Einer von uns: War Franz Kafka im Grunde seines Herzens ein Berliner?

Hans-Gerd Koch spürt den Wegen des Prager Schriftstellers Franz Kafka in Berlin nach

© Die Berliner Literaturkritik, 13.10.08

 

Am 3. Dezember 1910 fährt Franz Kafka von Prag nach Berlin und stürzt sich in das Großstadtleben. Er geht zwar auch ins Metropoltheater, ist aber von der Revue „Hurra!!! Wir leben noch!“ wenig begeistert, sieht dafür aber im Deutschen Theater hingerissen Max Reinhardts „Hamlet“-Inszenierung mit Albert Bassermann in der Titelrolle und will gleich weitere Theaterkarten „im Vorrat“ kaufen. Er besucht vegetarische Restaurants, ist tief beeindruckt von der Lebendigkeit und Modernität der Metropole. Dieser Berlin-Besuch zeigt eine nachhaltige Wirkung, wird in Briefen und im Tagebuch festgehalten. Noch im Mai 1912 trägt Kafka ein Traumerlebnis von Berlin in sein Tagebuch ein und errichtet hier dem auf Lungenkrankheiten (!) spezialisierten Mediziner Ernst von Leyden ein eigenes Denkmal. Es sollte nicht mehr lange dauern, bis Berlin nicht nur im Traum, sondern in Kafkas konkreter Lebensplanung eine besondere Rolle zu spielen begann. Denn der zweite Aufenthalt in Berlin ab 22. März 1913 galt dann schon nicht mehr touristischem Interesse, sondern der vier Jahre jüngeren Berlinerin Felice Bauer, einer Vertreterin des modernen Großstadtlebens, die er ein Jahr zuvor bei seinem Freund Max Brod in Prag kennen gelernt hatte.
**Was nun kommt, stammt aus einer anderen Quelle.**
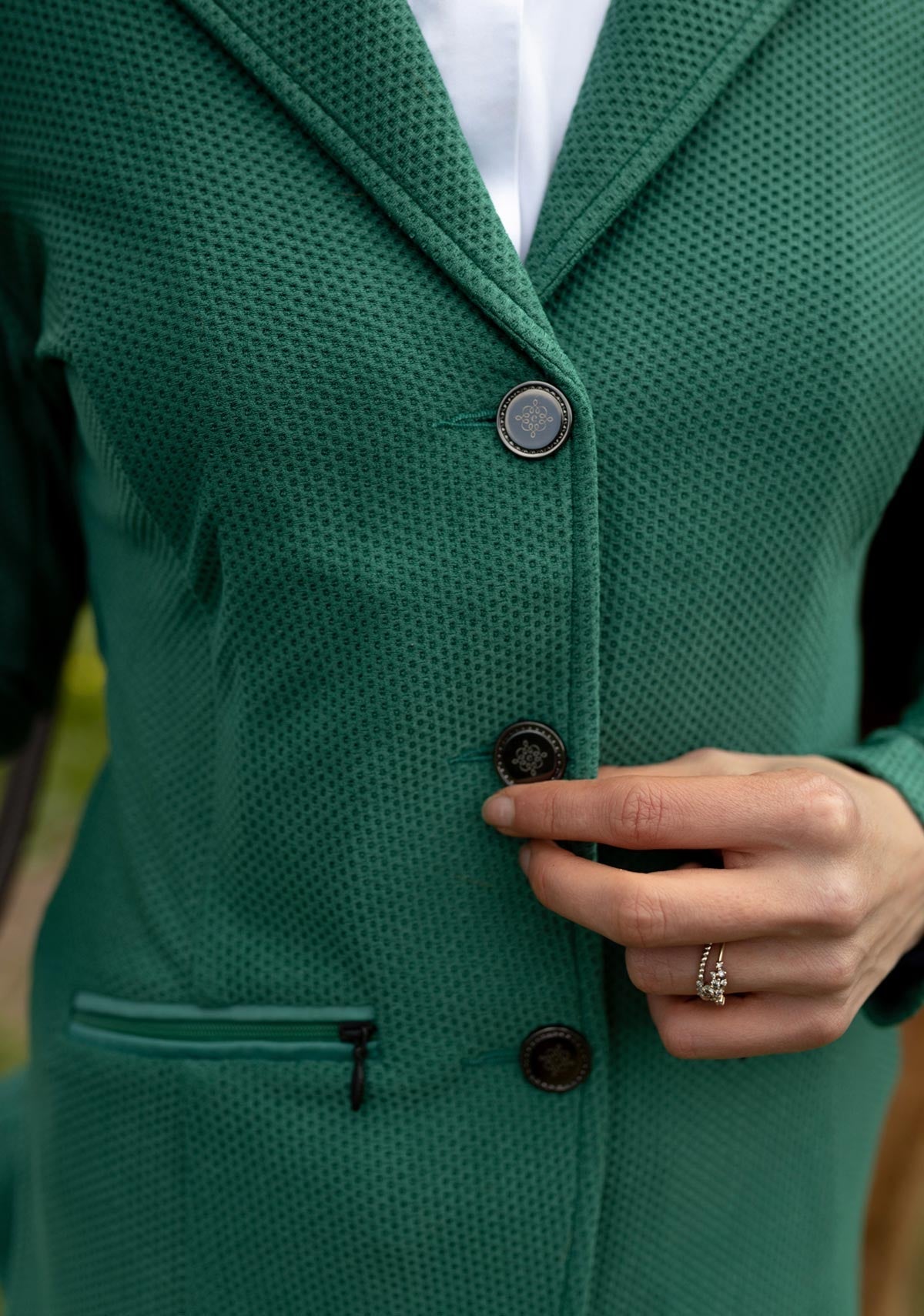 Kelly Green Mesh Show Jacket - Espoir Equestrian - Equiluxe Tack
Es war ihre zweite Begegnung, nachdem vorher schon an die 400 Briefe zwischen beiden gewechselt wurden. Kafka unternahm mit ihr einen Ausflug an das Kleist-Grab am Kleinen Wannsee, was ihr gar nicht behagte, ging ihr zuliebe dann aber mit ins Metropol, wo ihn 1910 noch „ein Gähnen…größer als die Bühnenöffnung“ überfallen hatte – jetzt musste er sich die Operette „Die Kino-Königin“ von Jean Gilbert ansehen. Mit Schriftstellern traf er im Café Josty  am Potsdamer Platz, dem „Präsentierteller von Berlin“, zusammen.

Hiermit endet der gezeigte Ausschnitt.